1917

I suspect I may have blogged about this before (what do I know?) but I don’t think there’s anything to compare with 1917 for conveying the reality of the First World War. It’s said to have been filmed in one shot (actually it’s four or five shots cut together and I was treated to OH and son playing ‘spot the cut’ throughout.) But that didn’t spoil my enjoyment.

Like most films it’s better seen at the cinema, which we did when it came out, but viewing at home on a massive 4G TV comes a close second (don’t blame me, it’s the son’s TV. ) It’s hard to describe the hypnotic quality of this film. Most war films are noisy, lots of booming guns and shouting, but much of this is eerily silent. Two soldiers are sent on a mission to stop a planned attack scheduled for dawn the next day as new intel shows they’ll be walking into an ambush. Cynically they send a man whose brother is in the planned attack and he chooses a friend to go with him without knowing what he’s letting his friend in for.

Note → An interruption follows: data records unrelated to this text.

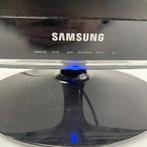 Samsung Syncmaster B2430H Monitor 24 inch Full HD, Computers en Software, Monitoren, 3 tot 5 ms, Full HD, Ophalen of Verzenden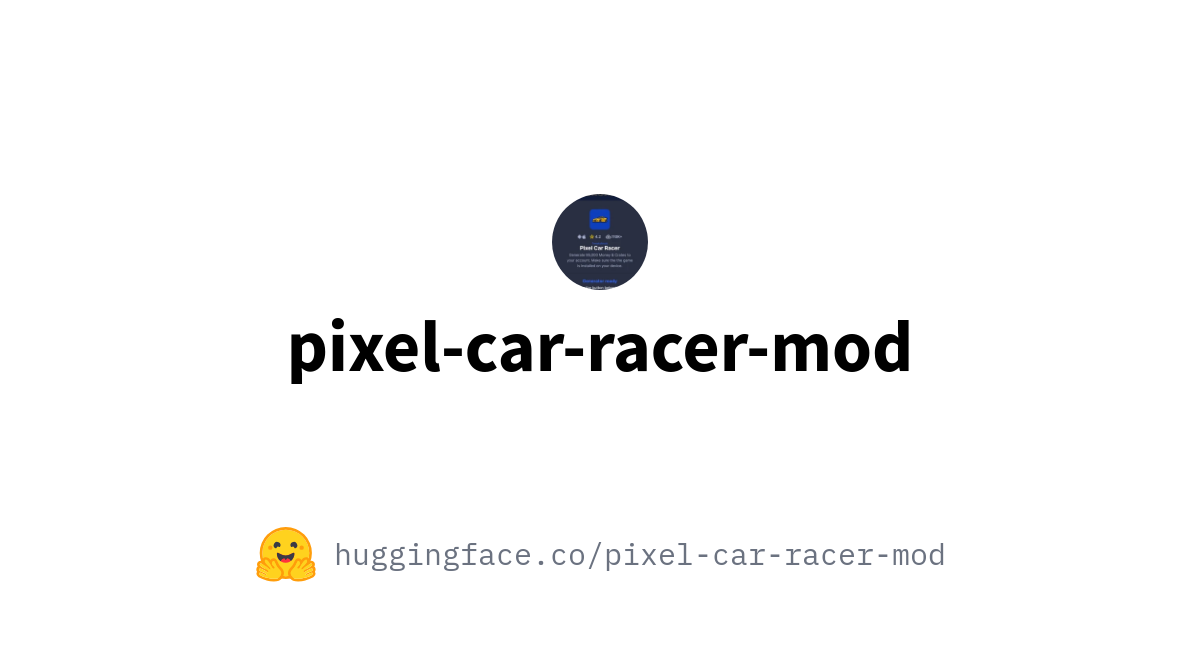 download pixel car racer mod ios｜TikTok Search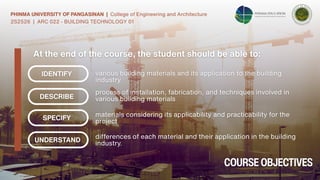 Introduction Example For Building Technology Sba 00_Introduction to Building Technology 01.pdf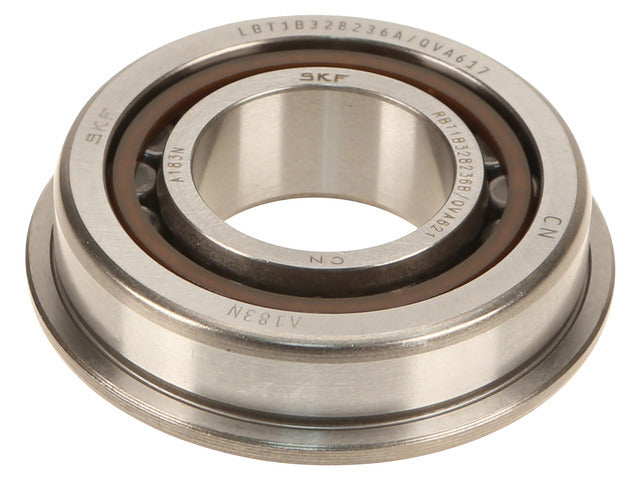 MT Input Shaft Bearing 02A 311 123E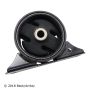 BECK/ARNLEY 104-1691 ENGINE MOUNT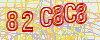 ������� ��, ��� ������ �� ���� �������� (����� � ��������� �����)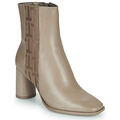 Skor Tamaris 25361-341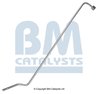 Conducta presiune/senzor presiune filtru particule BM Cataly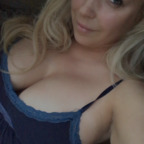u173591893 OnlyFans Leak 

 profile picture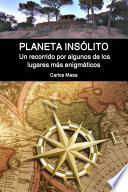 Planeta Insolito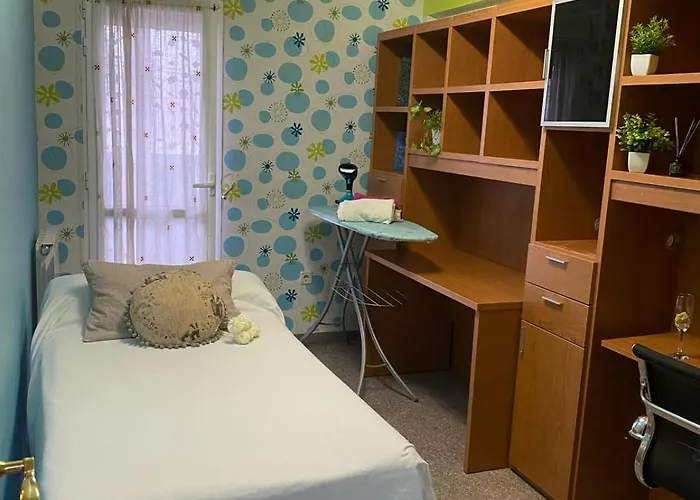 La Mirada De Monreal *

Much of the action takes place in no-man’s-land as they negotiate mud, landslides, tank traps and corpses. In one of the most dramatic scenes they watch a dog fight in the air, the German plane falls and they run towards it only to see it rise from behind a dip and hurtle towards them. They scramble to safety but the plane is burning so they run to free the pilot who rewards them by shooting the first soldier. How his friend gets through, being shot at as he runs through a surreal bombed village, takes shelter with a woman and baby and then half-swims, half-drowns in the river, how he reaches the front line, how many obstacles remain before he can find the Captain and deliver the message, how he finally manages to stop the attack (given no thanks for his pains except by one kind officer) forms the rest of this utterly hypnotic story. Some images will stay with me forever.

Kirk out

2 thoughts on “1917

  1. I generally avoid ‘war’ films, but I made an exception for this one, and it is certainly memorable, and the ‘real-time’ technique makes it horribly realistic. Cheers, Jon.